-- EXERCISE DATA follows --

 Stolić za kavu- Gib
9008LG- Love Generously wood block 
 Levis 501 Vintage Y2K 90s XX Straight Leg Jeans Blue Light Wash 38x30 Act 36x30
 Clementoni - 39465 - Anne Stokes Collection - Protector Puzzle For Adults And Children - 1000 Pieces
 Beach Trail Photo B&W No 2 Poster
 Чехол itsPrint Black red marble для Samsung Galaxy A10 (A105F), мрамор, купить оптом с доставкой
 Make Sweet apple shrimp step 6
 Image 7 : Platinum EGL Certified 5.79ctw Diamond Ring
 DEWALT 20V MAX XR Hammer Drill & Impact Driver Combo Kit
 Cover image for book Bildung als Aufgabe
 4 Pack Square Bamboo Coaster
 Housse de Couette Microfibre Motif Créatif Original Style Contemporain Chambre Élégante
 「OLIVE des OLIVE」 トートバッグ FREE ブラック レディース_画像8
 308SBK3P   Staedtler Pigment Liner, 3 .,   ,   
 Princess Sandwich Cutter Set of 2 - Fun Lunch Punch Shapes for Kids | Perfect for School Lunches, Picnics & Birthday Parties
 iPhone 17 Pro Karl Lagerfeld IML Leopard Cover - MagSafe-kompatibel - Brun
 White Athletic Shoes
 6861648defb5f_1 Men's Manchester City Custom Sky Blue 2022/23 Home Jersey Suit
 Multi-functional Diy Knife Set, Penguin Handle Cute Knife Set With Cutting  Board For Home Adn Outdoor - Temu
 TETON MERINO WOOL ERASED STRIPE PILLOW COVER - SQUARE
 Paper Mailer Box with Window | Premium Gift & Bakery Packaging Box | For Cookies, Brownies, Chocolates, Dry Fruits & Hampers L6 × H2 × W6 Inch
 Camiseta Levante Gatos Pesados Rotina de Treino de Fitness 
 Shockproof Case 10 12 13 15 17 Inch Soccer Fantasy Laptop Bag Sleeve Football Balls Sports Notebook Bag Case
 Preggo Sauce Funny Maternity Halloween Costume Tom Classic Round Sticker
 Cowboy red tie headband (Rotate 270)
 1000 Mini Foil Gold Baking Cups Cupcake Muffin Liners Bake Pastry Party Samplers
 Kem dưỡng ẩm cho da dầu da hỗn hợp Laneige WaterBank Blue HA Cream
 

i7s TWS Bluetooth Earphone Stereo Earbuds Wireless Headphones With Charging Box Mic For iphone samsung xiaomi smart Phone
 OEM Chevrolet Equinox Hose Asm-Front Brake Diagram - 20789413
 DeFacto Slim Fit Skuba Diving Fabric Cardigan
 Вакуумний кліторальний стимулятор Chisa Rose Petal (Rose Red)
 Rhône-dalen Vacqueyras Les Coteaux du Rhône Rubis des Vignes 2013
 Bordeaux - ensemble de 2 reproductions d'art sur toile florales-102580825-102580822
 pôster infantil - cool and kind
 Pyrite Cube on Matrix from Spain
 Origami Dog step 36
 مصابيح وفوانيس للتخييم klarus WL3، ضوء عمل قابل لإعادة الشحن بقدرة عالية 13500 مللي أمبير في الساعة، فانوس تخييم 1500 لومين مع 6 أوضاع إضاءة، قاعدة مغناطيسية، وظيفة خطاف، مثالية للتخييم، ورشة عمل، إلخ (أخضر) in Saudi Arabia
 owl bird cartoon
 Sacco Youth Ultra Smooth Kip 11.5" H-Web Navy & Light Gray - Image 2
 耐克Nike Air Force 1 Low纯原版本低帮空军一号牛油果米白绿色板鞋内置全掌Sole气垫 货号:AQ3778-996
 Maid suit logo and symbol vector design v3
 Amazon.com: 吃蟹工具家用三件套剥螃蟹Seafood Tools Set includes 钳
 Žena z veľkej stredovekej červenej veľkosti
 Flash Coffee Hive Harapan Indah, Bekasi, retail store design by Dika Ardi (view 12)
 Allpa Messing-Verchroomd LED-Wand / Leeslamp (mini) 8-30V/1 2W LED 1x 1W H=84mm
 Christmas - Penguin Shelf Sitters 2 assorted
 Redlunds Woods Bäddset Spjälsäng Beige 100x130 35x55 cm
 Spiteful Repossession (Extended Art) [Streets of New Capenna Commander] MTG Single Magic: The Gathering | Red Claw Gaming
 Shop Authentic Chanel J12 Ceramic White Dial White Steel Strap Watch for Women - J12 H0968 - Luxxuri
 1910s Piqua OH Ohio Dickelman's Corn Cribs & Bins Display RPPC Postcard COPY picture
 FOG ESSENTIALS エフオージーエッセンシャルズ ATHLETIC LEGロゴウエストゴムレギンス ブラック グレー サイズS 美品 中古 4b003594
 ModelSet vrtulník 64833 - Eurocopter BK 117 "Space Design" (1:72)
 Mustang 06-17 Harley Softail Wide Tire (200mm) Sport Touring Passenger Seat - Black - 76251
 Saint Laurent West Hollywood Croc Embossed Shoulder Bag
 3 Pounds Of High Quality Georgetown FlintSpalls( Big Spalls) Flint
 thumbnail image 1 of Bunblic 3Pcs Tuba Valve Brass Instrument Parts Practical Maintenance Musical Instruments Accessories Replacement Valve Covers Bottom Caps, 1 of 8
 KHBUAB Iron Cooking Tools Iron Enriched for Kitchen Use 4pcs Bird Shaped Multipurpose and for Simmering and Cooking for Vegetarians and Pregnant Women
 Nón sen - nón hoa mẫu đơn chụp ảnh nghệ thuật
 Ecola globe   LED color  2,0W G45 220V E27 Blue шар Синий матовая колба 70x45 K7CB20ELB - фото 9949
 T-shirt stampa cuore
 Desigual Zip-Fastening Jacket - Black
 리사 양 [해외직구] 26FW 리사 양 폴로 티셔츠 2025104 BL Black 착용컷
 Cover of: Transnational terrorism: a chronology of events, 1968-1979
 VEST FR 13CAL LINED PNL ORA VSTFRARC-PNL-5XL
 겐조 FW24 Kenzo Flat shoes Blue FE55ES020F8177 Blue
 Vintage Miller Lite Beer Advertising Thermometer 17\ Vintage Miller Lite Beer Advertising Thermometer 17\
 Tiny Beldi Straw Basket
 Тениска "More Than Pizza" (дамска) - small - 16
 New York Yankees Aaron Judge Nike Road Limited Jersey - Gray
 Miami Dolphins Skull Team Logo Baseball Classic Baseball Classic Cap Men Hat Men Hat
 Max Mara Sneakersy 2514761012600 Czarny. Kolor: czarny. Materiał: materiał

-- EXERCISE DATA concluded --

» **TASK DETAILS**
Gather each line of the records holding the string "Black".

» **FINAL ANSWER**
 Чехол itsPrint Black red marble для Samsung Galaxy A10 (A105F), мрамор, купить оптом с доставкой
 Mustang 06-17 Harley Softail Wide Tire (200mm) Sport Touring Passenger Seat - Black - 76251
 Desigual Zip-Fastening Jacket - Black
 리사 양 [해외직구] 26FW 리사 양 폴로 티셔츠 2025104 BL Black 착용컷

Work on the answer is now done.